IRQ7 to IRQ5 (default setting for LPT2) - and everything will be fine.
From ChipChat:
To use IRQ5, you need to make the following modifications:
- Change @5150.adf file replacing "int 7" with "int 5"
(you must re-configure your system after updating the ADF)
- DOS Autoexec.bat, change DOSMIXER statement from "-7" to "-5"
- Win31 SYSTEM.INI, change [auddrive.drv] from "int=7" to "int=5"
- OS2 Config.sys, change device=ES1688DD.SYS from "/I:7" to "/I:5"
- Win95, use device manager to change interrupt from 7 to 5
- WinNT, re-install and select interrupt 5
Generic Setup Values
Sound Address 220 (may interfere with a primary TR adapter)
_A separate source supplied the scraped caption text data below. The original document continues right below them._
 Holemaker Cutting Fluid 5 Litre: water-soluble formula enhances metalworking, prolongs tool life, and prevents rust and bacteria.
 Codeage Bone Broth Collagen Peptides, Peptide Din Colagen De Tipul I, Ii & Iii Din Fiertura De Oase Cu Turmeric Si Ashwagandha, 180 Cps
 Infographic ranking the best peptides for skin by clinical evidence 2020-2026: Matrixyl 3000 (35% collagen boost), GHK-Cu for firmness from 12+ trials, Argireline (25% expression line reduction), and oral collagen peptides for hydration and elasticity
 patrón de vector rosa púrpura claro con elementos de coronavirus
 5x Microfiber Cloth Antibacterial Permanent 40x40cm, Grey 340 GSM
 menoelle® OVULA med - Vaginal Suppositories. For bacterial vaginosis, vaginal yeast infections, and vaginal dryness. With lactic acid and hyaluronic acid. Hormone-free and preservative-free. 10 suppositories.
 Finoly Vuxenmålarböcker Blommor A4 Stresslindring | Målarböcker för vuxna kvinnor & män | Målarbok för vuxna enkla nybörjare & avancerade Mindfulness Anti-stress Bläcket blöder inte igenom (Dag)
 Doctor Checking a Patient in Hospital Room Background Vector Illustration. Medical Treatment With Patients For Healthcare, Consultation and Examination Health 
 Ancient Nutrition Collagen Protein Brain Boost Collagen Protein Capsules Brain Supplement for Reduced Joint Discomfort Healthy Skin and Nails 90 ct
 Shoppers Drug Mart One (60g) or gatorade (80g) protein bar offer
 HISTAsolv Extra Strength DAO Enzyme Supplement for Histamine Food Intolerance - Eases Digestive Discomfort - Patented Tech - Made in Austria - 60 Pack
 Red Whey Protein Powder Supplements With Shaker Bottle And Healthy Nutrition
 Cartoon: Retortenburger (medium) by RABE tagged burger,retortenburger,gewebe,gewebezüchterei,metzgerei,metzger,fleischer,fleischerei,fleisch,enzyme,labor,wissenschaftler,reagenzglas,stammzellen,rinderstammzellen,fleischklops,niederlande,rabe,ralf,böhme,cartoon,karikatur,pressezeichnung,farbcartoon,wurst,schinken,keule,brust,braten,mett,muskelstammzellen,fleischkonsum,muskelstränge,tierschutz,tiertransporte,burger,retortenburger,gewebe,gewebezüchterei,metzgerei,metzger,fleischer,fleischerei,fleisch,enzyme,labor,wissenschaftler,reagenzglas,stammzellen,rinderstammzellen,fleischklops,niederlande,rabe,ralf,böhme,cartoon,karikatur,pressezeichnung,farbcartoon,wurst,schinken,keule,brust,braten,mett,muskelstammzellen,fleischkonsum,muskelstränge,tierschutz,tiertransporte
Interrupt Level 7 (5 supported, I see 2, 5, 7, and 10 listed in W95 doc)
DMA Arb 1 (maybe 0,1,3 supported)
General MIDI MPU-401 330
ChipChat Under Linux
Christian Holzapfel wrote (edited):
The ChipChat can be used under Linux 2.2 and 2.4 using the
built-in "SB" Sound Blaster driver module. It will correctly detect the ESS
chip.
Auto-loading the module through /etc/modules always failed for me, but it
can be loaded manually:
modprobe opl3 io=0x388
modprobe sb io=0x220 dma=1 irq=5 mpu_io=0x330
Set the IRQ according to your ADF (7 or 5).
General Technics Sound Card (from William Walsh, original HERE)
At first I didn't realize it, but this may be a relabeled ChipChat sound card... dunno for sure. Looks confusing to me, but that's what I get for asking and investigating.
Adapter ID is 5150 - same as the ChipChat version... but this card actually looks more like 5130 - the Piper Research SoundPiper... it would be the same card except for the sticker that's on the one Altera IC. Yet if we look at the SoundPiper page, neither of those adapters match mine and the one pictured above. So what the heck is going on here?
ChipChat's picture (original) agrees with mine almost 100%.
Ed. Tom: Are all these cards different revisions of the same base design?
General Technics is still around. They sell industrial and rackmount computers of assorted types. At one time they also sold some different PS/2 and MCA upgrade parts. Don't go to their site expecting much in the way of information on these things.
ADF Section for 05150h "ChipChat Sound Card"
ChipChat Sound Card Selection
<Enabled
(io 0200h-020Fh 0220h-022Fh 0388h-038Bh 0330h-033Fh int 7 arb 1)>, Disabled
Resources are fixed because many software programs assume and
require these settings. Address Range (hex): [200-20F, 220-22F, 388-38B, 330-33F]
DMA Arbitration Level:[1], IRQ Interrupt:[7].